- [Exercise aim]: Set down the lines below exactly as they stand, please. Go from the first through the one containing "2023 Genesis G90".

- [Task inputs]:
◇ ◇ ◇ ◇ ◇ ◇ ◇
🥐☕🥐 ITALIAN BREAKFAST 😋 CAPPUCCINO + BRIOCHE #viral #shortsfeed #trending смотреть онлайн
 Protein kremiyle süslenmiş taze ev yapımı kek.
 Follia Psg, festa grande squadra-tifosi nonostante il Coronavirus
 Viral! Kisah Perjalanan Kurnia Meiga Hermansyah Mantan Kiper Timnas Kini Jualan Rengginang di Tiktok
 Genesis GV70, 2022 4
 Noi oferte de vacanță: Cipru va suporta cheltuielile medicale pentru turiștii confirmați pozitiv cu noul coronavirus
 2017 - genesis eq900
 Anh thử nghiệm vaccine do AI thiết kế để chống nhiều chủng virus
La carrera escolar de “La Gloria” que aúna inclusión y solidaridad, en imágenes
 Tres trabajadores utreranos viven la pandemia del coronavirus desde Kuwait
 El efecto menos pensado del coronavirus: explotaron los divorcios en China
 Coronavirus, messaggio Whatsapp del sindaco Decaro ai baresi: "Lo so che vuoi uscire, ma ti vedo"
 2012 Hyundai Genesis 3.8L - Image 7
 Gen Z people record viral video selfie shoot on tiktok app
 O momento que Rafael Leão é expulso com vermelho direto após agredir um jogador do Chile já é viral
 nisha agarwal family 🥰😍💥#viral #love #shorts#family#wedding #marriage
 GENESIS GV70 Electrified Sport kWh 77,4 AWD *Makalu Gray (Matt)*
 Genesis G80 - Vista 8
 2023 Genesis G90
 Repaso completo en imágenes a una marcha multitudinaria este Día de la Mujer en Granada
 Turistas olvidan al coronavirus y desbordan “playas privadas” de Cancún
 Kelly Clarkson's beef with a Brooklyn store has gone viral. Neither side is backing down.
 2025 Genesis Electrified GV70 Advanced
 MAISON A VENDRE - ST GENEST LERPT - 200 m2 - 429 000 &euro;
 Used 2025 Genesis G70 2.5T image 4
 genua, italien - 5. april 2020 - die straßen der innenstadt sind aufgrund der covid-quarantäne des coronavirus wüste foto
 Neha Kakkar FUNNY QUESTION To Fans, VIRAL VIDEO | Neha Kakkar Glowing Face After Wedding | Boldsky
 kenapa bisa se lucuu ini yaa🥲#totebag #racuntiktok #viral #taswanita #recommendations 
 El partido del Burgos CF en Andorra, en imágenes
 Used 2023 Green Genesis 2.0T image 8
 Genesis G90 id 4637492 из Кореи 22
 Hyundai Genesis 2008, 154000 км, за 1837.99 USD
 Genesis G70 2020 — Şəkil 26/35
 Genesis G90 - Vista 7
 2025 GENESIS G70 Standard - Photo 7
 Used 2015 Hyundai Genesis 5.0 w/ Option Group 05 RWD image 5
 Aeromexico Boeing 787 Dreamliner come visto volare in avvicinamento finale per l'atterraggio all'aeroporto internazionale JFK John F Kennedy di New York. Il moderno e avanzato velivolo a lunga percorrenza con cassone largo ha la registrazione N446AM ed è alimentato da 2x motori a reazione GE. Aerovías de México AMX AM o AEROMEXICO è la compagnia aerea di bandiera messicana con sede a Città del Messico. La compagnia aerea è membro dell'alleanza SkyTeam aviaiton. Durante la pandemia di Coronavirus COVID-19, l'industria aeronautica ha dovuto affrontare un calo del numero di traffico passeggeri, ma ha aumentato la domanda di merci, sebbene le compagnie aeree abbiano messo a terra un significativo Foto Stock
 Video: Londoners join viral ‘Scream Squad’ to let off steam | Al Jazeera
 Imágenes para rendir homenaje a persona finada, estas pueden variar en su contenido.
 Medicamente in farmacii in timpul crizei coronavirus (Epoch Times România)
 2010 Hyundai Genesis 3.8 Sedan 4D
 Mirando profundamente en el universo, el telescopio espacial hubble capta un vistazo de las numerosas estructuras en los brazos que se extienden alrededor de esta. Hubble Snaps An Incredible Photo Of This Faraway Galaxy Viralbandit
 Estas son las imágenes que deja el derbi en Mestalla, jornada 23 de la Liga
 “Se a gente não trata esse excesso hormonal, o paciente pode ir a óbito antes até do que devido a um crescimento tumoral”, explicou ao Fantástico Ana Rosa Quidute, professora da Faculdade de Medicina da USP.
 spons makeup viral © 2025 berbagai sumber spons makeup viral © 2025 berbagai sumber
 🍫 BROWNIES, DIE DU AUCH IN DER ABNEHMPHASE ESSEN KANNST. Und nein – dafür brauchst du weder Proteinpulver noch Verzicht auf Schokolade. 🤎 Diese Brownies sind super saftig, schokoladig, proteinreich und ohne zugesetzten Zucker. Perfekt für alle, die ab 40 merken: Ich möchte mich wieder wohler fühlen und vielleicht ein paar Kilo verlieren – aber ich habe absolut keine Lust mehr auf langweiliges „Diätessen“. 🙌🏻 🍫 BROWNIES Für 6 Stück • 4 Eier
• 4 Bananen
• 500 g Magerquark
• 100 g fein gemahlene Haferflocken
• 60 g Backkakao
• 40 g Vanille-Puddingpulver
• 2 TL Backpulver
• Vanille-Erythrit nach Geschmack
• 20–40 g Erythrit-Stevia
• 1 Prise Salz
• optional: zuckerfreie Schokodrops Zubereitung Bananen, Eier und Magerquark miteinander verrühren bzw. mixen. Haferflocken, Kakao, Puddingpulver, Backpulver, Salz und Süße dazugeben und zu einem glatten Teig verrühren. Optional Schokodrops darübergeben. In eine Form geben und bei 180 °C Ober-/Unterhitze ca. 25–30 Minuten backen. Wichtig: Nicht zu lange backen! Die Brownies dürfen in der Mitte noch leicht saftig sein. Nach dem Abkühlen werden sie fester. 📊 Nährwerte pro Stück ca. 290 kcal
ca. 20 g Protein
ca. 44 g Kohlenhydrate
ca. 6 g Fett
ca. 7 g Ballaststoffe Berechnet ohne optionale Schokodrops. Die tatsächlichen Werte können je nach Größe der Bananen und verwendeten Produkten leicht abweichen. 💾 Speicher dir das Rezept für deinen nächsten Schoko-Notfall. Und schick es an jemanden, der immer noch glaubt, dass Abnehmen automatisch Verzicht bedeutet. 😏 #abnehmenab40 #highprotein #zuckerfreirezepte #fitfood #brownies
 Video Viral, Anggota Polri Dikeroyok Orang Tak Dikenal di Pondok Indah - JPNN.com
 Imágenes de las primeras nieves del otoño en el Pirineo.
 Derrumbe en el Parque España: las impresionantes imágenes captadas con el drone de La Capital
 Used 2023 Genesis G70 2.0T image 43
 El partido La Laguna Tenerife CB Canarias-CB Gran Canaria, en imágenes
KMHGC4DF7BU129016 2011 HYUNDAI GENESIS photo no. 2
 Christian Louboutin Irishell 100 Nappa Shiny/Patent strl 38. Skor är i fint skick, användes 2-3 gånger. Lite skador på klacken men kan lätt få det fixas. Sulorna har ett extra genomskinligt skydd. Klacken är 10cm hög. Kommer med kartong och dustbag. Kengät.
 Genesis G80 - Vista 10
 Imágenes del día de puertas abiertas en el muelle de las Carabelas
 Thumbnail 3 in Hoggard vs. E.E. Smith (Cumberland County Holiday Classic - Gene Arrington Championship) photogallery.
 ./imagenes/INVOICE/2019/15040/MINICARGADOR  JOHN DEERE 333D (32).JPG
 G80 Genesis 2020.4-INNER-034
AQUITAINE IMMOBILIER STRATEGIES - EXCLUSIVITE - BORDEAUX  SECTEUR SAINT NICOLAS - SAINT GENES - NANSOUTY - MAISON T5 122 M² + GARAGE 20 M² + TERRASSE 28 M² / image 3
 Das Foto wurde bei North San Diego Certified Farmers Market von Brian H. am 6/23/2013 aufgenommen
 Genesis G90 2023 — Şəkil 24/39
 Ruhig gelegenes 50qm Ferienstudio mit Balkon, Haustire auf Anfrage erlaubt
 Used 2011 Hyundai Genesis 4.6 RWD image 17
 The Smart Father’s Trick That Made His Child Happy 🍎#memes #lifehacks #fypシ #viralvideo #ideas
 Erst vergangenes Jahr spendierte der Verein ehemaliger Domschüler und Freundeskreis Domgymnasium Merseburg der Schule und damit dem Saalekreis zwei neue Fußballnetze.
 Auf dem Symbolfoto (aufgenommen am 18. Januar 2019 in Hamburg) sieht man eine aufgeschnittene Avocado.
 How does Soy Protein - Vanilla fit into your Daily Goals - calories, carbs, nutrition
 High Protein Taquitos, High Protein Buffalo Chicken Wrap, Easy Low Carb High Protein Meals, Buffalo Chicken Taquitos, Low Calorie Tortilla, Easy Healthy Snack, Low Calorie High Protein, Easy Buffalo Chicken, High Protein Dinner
◇ ◇ ◇ ◇ ◇ ◇ ◇
- [Exercise output]:
🥐☕🥐 ITALIAN BREAKFAST 😋 CAPPUCCINO + BRIOCHE #viral #shortsfeed #trending смотреть онлайн
 Protein kremiyle süslenmiş taze ev yapımı kek.
 Follia Psg, festa grande squadra-tifosi nonostante il Coronavirus
 Viral! Kisah Perjalanan Kurnia Meiga Hermansyah Mantan Kiper Timnas Kini Jualan Rengginang di Tiktok
 Genesis GV70, 2022 4
 Noi oferte de vacanță: Cipru va suporta cheltuielile medicale pentru turiștii confirmați pozitiv cu noul coronavirus
 2017 - genesis eq900
 Anh thử nghiệm vaccine do AI thiết kế để chống nhiều chủng virus
La carrera escolar de “La Gloria” que aúna inclusión y solidaridad, en imágenes
 Tres trabajadores utreranos viven la pandemia del coronavirus desde Kuwait
 El efecto menos pensado del coronavirus: explotaron los divorcios en China
 Coronavirus, messaggio Whatsapp del sindaco Decaro ai baresi: "Lo so che vuoi uscire, ma ti vedo"
 2012 Hyundai Genesis 3.8L - Image 7
 Gen Z people record viral video selfie shoot on tiktok app
 O momento que Rafael Leão é expulso com vermelho direto após agredir um jogador do Chile já é viral
 nisha agarwal family 🥰😍💥#viral #love #shorts#family#wedding #marriage
 GENESIS GV70 Electrified Sport kWh 77,4 AWD *Makalu Gray (Matt)*
 Genesis G80 - Vista 8
 2023 Genesis G90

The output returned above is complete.